So what do we mean when we say that Yale is a hostile environment for women? What we don’t mean is that every female student at Yale has experienced sexual harassment or assault. What we mean is that the University has consistently demonstrated an attitude of tolerance for highly public acts of misogyny and sexual aggression. Female undergraduates see their peers call them “Yale sluts” and hear still other peers chant that “no means yes.” They live with the knowledge that the University has failed to punish those peers for sexual harassment. It takes little imagination to understand the effect of this kind of atmosphere on female students’ ability to engage in campus life on a basis of safety and equality.

Oh me! oh my! Stolen t-shirts! Frat members displaying “Yale Sluts” posters… and on Facebook, too! DKE pledge chanting slogans which were crude!
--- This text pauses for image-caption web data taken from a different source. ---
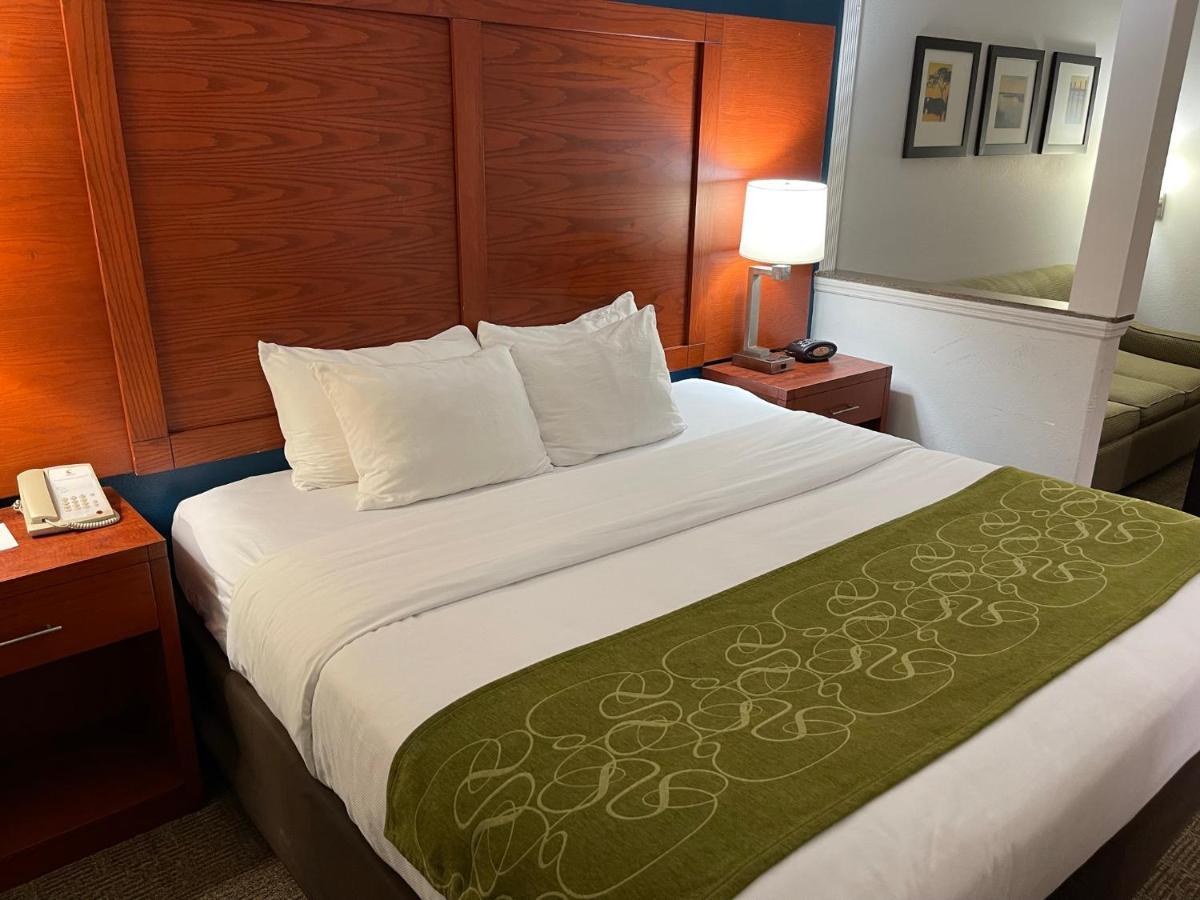 Comfort Suites Lake Charles Bagian luar foto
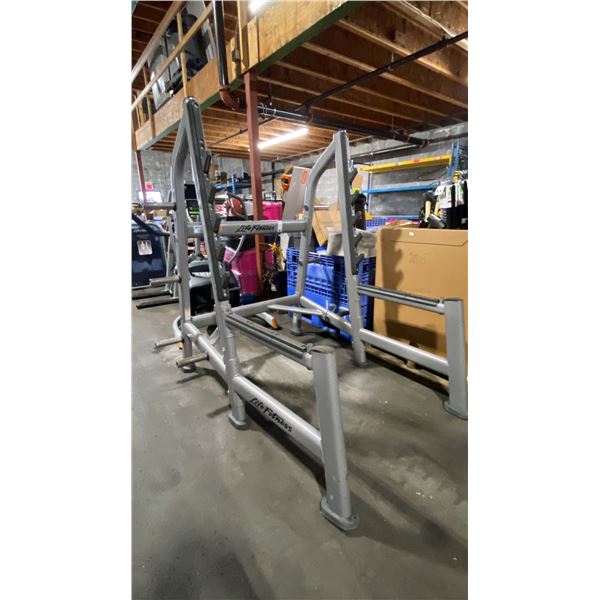 LIFE FITNESS GREY COMMERCIAL FREE WEIGHT OLYMPIC BAR SQUAT RACK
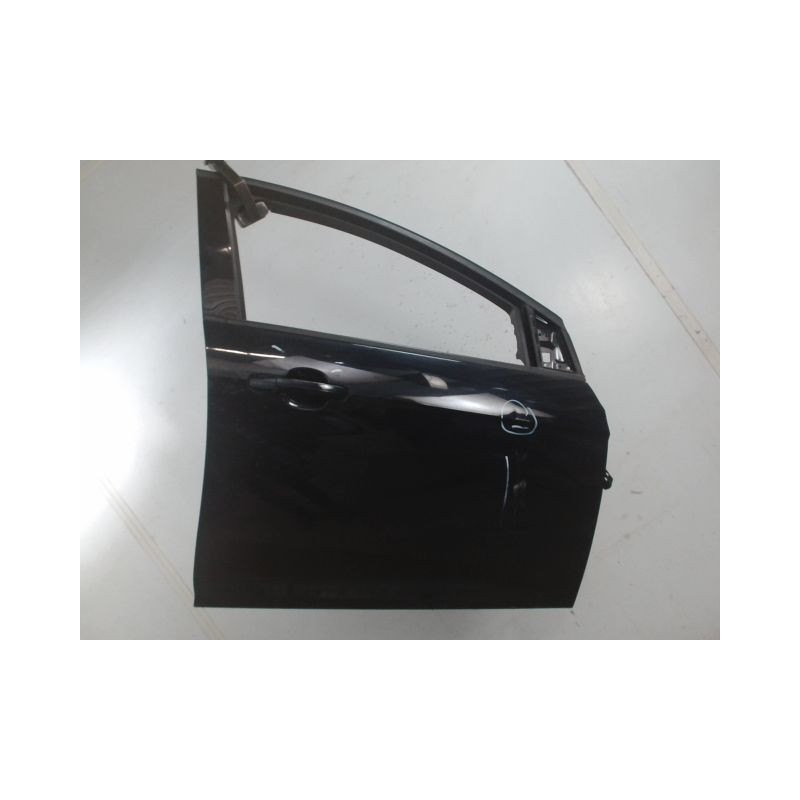 PORTE AVANT DROIT FORD FOCUS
And no one was expelled or conspicuously punished and ostracized for politically incorrect expressions in mocking and parodistic contexts. It is easy to understand how the failure of President Levin personally to horsewhip those rowdy and insensitive fraternity men inevitably drove Yale’s womynist leaders to drop a dime on their alma mater.

After all, as a lot of Old Blues warned back when Kingman Brewster started talking about coeducating the place in the 1960s, many womyn are just to emotionally frail, too politically refined and sensitive, to bear uncouth, oppositional speech or mocking expressions of political incorrectness.

Such females may suffer untoward intellectual confusion, ideological indignation, and hyper-emotional distress. They may suffer from feelings of persecution and harassment. Thus, a real sector of the female community cannot possible function at an equal level in a university environment which naturally and inevitably features high-spirited young men, and in which ideas and perspectives are intended to be challenged, ridiculed, and vigorously contested. Some of these poor lambs are simply too delicate, too frail, too easily upset for all that.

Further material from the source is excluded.